> **Data excerpt**:
····················

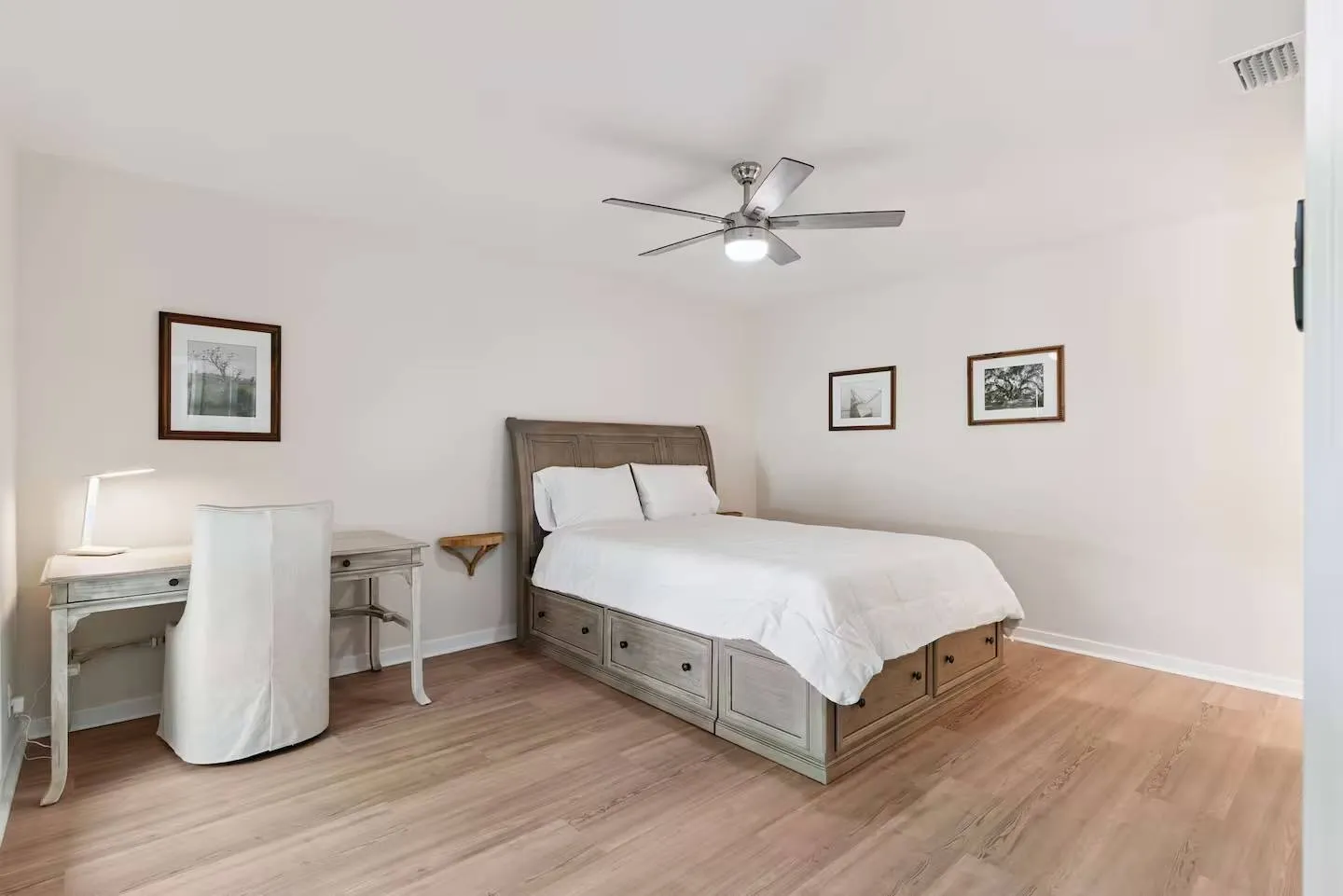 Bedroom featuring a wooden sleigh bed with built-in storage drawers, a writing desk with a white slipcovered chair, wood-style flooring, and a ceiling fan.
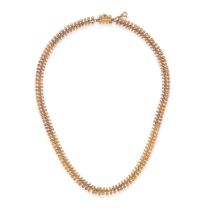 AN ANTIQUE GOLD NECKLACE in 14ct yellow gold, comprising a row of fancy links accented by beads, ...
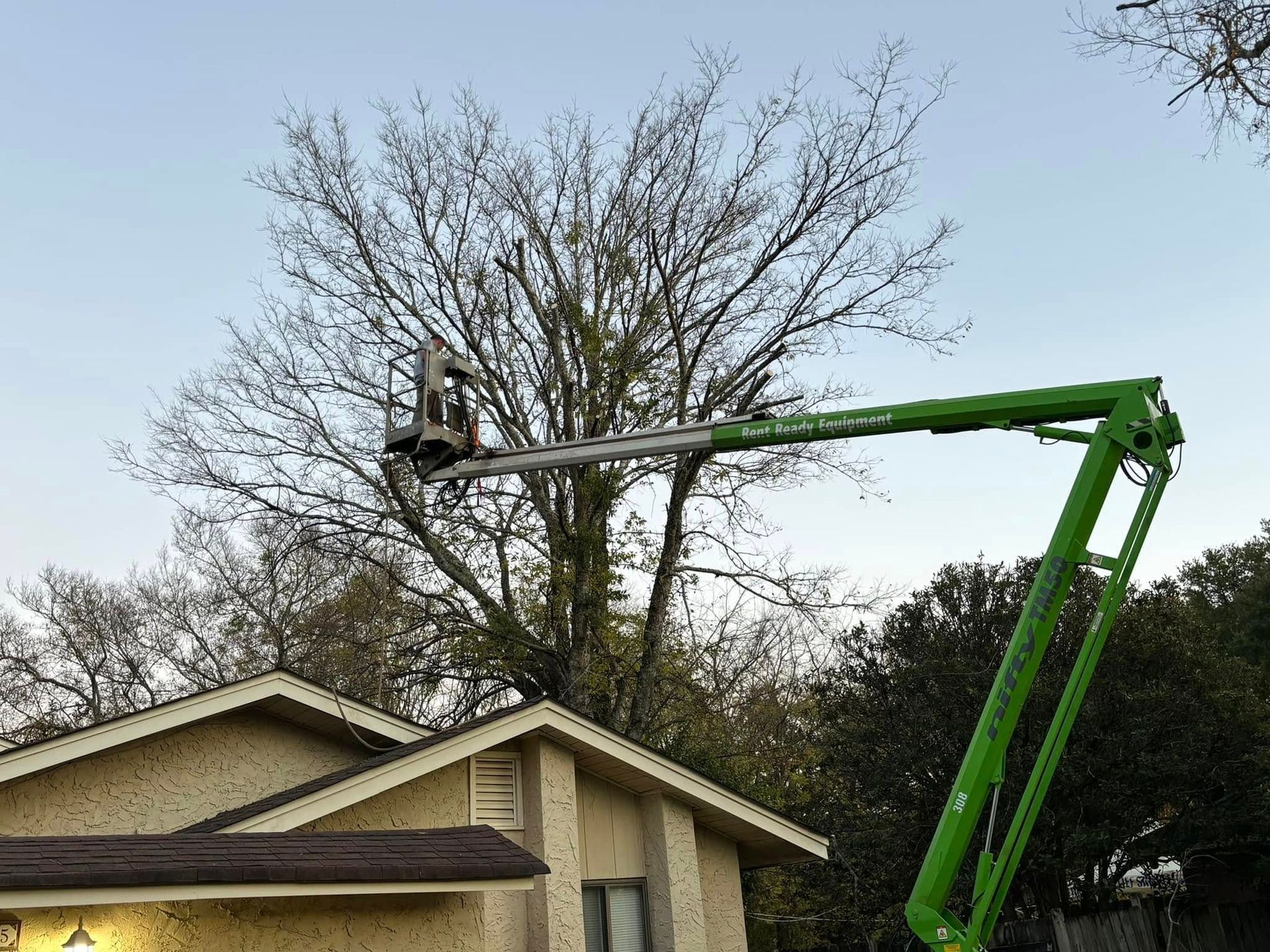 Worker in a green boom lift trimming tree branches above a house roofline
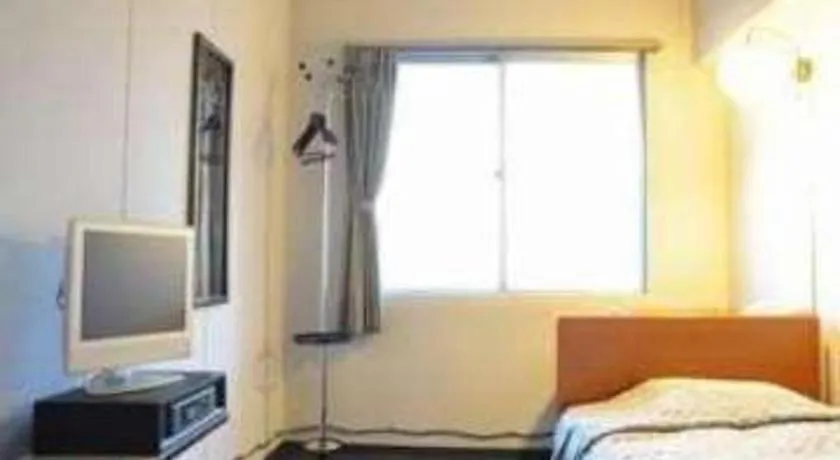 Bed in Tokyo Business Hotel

····················

> **Your assignment**:
Repeat the listing word for word, omitting the pictures.

> **The completed task**:
 Bedroom featuring a wooden sleigh bed with built-in storage drawers, a writing desk with a white slipcovered chair, wood-style flooring, and a ceiling fan.
 AN ANTIQUE GOLD NECKLACE in 14ct yellow gold, comprising a row of fancy links accented by beads, ...
 Worker in a green boom lift trimming tree branches above a house roofline
 Bed in Tokyo Business Hotel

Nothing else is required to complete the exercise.